The spacecraft's ion engines are currently firing almost constantly and taking it forward, but as part of Psyche's journey to its eponymous asteroid, it will loop back around and encounter Mars in May 2026. On approaching the Red Planet, Psyche will shut down its ion engines and allow itself to get caught in Martian gravity and be slingshot around the planet.

An Aerojet Hall thruster is shown in operation. (Image credit: Aerojet)

After this gravity assist, the ion engines will power back up and the spacecraft's next stop will be the asteroid 16 Psyche in 2029, which it will orbit for at least two years. The asteroid 16 Psyche is of interest to scientists because it is a large, 173-mile-wide (280-kilometer-wide) fragment of an ancient planet's metallic core that was left over from our solar system's period of planet formation, about 4.5 billion years ago. By learning about 16 Psyche, planetary scientists hope to discover more about the interiors of rocky planets like Earth, as well as how these worlds formed.

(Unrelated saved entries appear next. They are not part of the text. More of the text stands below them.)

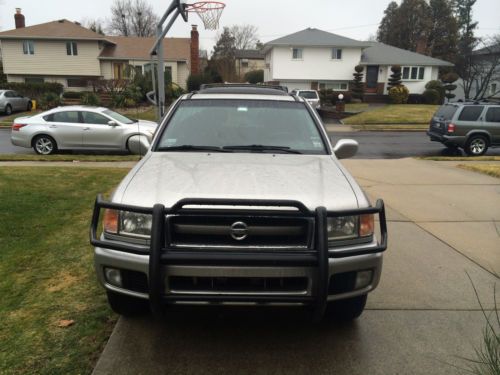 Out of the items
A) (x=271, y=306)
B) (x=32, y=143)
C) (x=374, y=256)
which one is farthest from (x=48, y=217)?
(x=32, y=143)

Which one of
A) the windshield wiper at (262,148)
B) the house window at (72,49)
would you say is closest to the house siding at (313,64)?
the house window at (72,49)

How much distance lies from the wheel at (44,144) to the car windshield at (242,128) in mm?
9830

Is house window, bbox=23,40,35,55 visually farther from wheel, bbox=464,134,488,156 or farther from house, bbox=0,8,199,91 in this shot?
wheel, bbox=464,134,488,156

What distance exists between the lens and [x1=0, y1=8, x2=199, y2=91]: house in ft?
128

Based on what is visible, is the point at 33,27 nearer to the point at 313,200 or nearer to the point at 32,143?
the point at 32,143

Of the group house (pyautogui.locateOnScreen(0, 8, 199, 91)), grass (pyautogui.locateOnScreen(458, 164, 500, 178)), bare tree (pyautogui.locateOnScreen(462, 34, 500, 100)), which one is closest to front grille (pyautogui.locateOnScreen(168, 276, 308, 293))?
grass (pyautogui.locateOnScreen(458, 164, 500, 178))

Throughout its journey, the spacecraft Psyche has not been idle. It has spent its time using various instruments to gather scientific data. For example, its magnetometer as well as its gamma-ray and neutron spectrometer have detected charged particles emitted by coronal mass ejections from the sun. Meanwhile, the spacecraft is also testing a new deep-space optical communications technology based on using lasers, rather than radio, to transmit data over interplanetary distances. A test of the system in April exceeded expectations by beaming back data at 267 megabits per second from a distance of 226 million kilometers (140 million miles). This bit rate is comparable to broadband download speeds in your home.

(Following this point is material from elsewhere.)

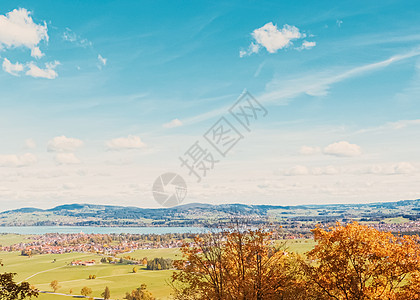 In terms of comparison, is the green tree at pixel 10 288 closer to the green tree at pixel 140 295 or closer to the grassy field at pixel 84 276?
the green tree at pixel 140 295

"Until this point, we have been powering on and checking out the various pieces of equipment needed to complete the mission, and we can report they are working beautifully," said Henry Stone, who is the Psyche project manager at NASA’s Jet Propulsion Laboratory, in a statement

Psyche isn't the first mission to the asteroid belt to employ ion engines. Before it, NASA's Dawn mission visited both Ceres and Vesta under the throttle of solar-electric propulsion. In Star Wars, the name of the Empire’s TIE fighters stands for Twin Ion Engine, but as Dawn, and now Psyche, demonstrate, such technology is no longer science fiction.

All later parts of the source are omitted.